しかしサリア王国と違い、ここには端末が存在するので諸々の手続きはコレを介して行うのだからかなり楽であろう。
いや、いっそサリア王国でもこれくらい楽に手続きが出来ればいいものを……。
そんな考えに陥っていると、部屋の呼び鈴が鳴った。
こんな時間に連絡も無しに直接来るとは、アクリか姉さんだろうと思いつつ僅かに呆れながら玄関で来客を迎えると珍しい人物がそこに居た。
「突然の来訪に申し訳ありません、シラフ様。
四大天使を代表して、この度神器プロメテウス選定、そして貴殿の監視役及び従事の為にお伺い致した次第です」
長い金髪の子柄な少女。
いや、背中に生えている純白の片翼の姿から俺はすぐに誰かは理解出来た。
リノエラ・シュヴル、天人族現四大天使という身分の彼女がそこにいたのだから。
「やはり驚きますか。
まぁ、細かい話は部屋の中でしましょう。
ここだと周りに聞かれる可能性がございますので」
●
部屋の中へ彼女を案内し、適当な温かいお茶を彼女の前に出す。
自分の分も淹れると、彼女の向かいへと座り俺は会話を切り出す事にした。
「それでまぁ、色々と聞きたい事は山積みですが初めに伺った目的を整理させて下さい」
「ええ、構いませんよ」
「まず初めに、神器プロメテウスの選定の為というのは俺に新たな神器の適正があるかを調べる目的の解釈で良いんですよね?

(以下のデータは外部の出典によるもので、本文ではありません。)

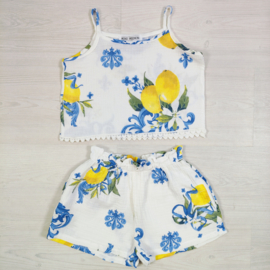 Lemon Garden Crop Top & Shorts Set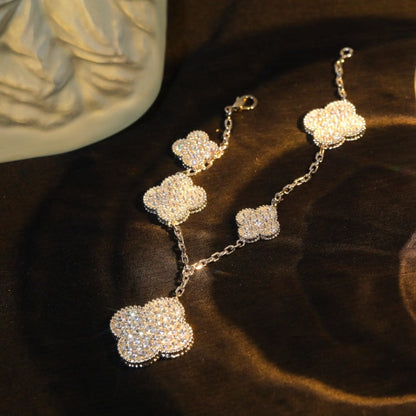 [Zalyn Jewelry ]CLOVER BRACELET 5 MOTIF SILVER DIAMOND PAVED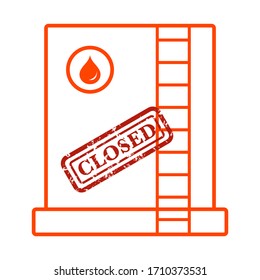 Vector illustration Oil industry Economic crisis. Crowded storage. Oil storage problem. Falling global oil demand. Market crash WTI West Texas Intermediate Drop prices to negative value Design for web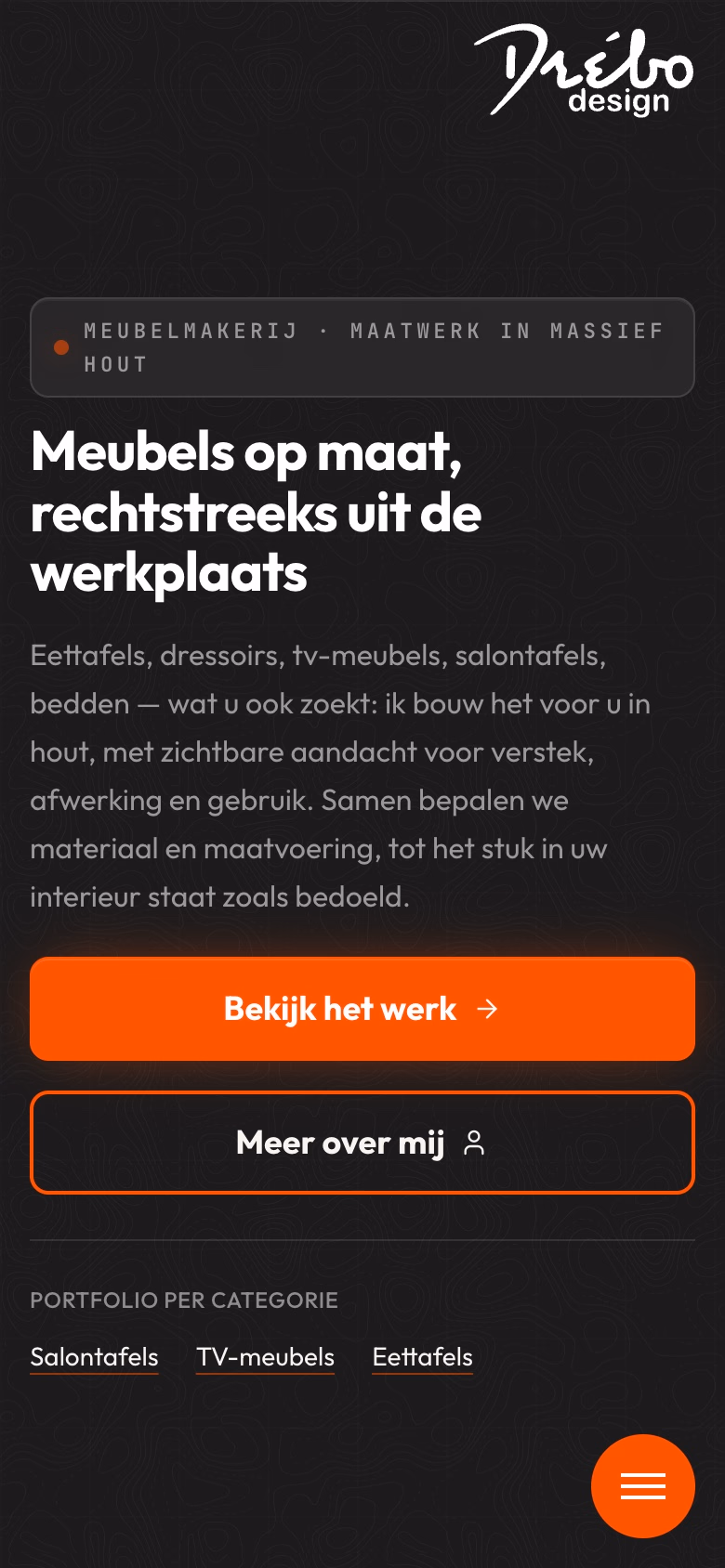 Drébo Design homepage on a mobile viewport
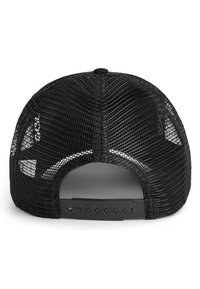 Schwarze Netz-Trucker-Cap mit solidem Rücken und verstellbarem Snap-Verschluss. Sie hat eine abgerundete Form und eine ausgeprägte atmungsaktive Textur.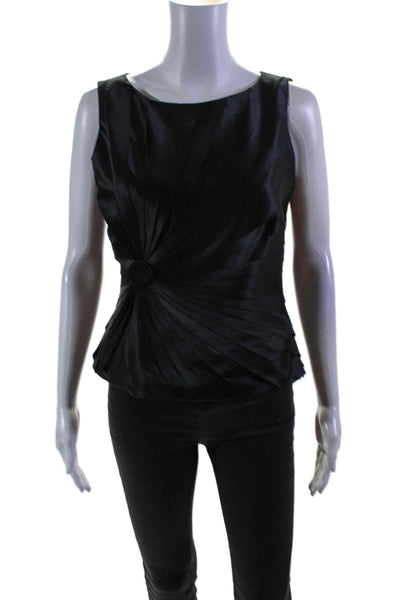 Calvin Klein Womens Black Crew Neck Pleated Detail Sleeveless Blouse Top Size S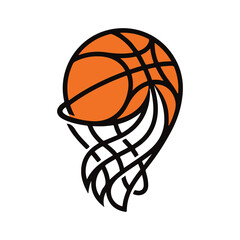 Fast Flying Basketball Ball With Motion Trails Entering Hoop Net Vector Illustration.  © Shohan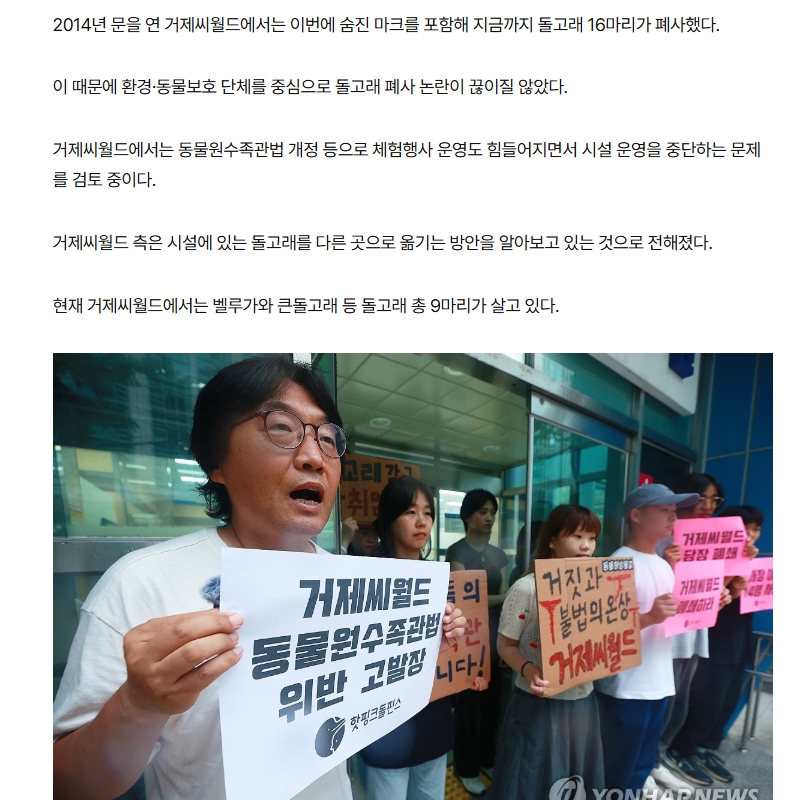[연합뉴스] 거제씨월드서 17살 돌고래 '마크' 폐사…사인 만성폐렴·심낭염 yna.co.kr/view/AKR202604…

국내 최대 돌고래 체험시설인 경남 거제씨월드에서 올해 초 돌고래가 폐사한 사실이 뒤늦게 알려졌다. 지난 1월 21일 오전 거제시 일운면에 있는 거제씨월드에서 암컷 큰돌고래 '마크'가 숨졌다.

ただ納得いかない点として、そのプロメテウスと呼ばれる神器の契約者の候補に俺が選ばれた理由。
そして、そちら側もとい天人族側の意図が気になるところですが、まぁそれは一度置きましょう」
「はい。
そして更には契約者選定にあたって、シラフ様の監視役、そして従事の為。
この点の説明も色々としなければなりませんね」
「確かに、それも気になるところです。
まず初めに、言わずともですが神器プロメテウスに関してですが……。
先日の一件で回収されたリン契約していた神器ですよね?
以前、貴方が自分に対して協力を要請した際にプロメテウスの名前はお聞きしました。
そして、先の一件においてプロメテウスの契約者はリンである事は分かっていたので回収の建前を踏まえて貴方に協力を要請し、無事神器本体は回収された」
「ええ、ですがほとんどはシラフ様にお任せしてしまいましたね。
私は戦力不足は愚か、目の前で仲間を死なせた挙げ句に片翼をもがれてしまいましたから。
で、翼を奪った例の存在は現在シファ様の管理下でルーシャ王女の世話係をしていると聞いております。
まぁ翼を奪われたのは私自身の過失ですのでシラフ様は何も心配する必要はありませんよ」
そういうと目の前ほ彼女は一口だけ茶に口を付けると本題を切り出した。
「この度、貴方を新たなプロメテウスの契約者として選定に向かったのは主に3つの理由があります。
・神器の汚染を取り除く為
・今後迫りくるであろう脅威への対策
・最後に契約者について
これが主な理由になります、順に説明しますね」
「………」
「初めに、神器の汚染を取り除く為という点から。
先代の契約者であるリーンは、そもそも無理な契約をしていたんです。
アルクノヴァの傘下で受けた特殊な実験で、本来契約出来るはずのない異種族を神器の契約者とする研究。
これは後々の人工神器であるデウスエクスマキナの研究に活かされておりますが……」
「つまり、本来リンは神器を使える資格すら無かったのか?」
「ええ、神器と契約出来るのは人間あるいは混血の異種族のみですから。
故に、純血の妖精族である彼女が神器と契約を果たすのはまず不可能です。
しかし、ソレはアルクノヴァの研究によって契約を果たす事に成功している。
ここまでならまだ、正規の契約が保たれ神器本来の力を失わずに済んだのですが……、問題は先の戦い以前に引き起こった舞踏会での襲撃事件です」
「舞踏会……、確か俺とリンが再開したあの時の……」
「ええ、恐らくその一件で間違いないかと。
襲撃の以前、ラウ・クローリアが彼女と交戦した際に彼女の神器は何からの心理的な影響により堕ちてしまったとシファ様は仰っていました。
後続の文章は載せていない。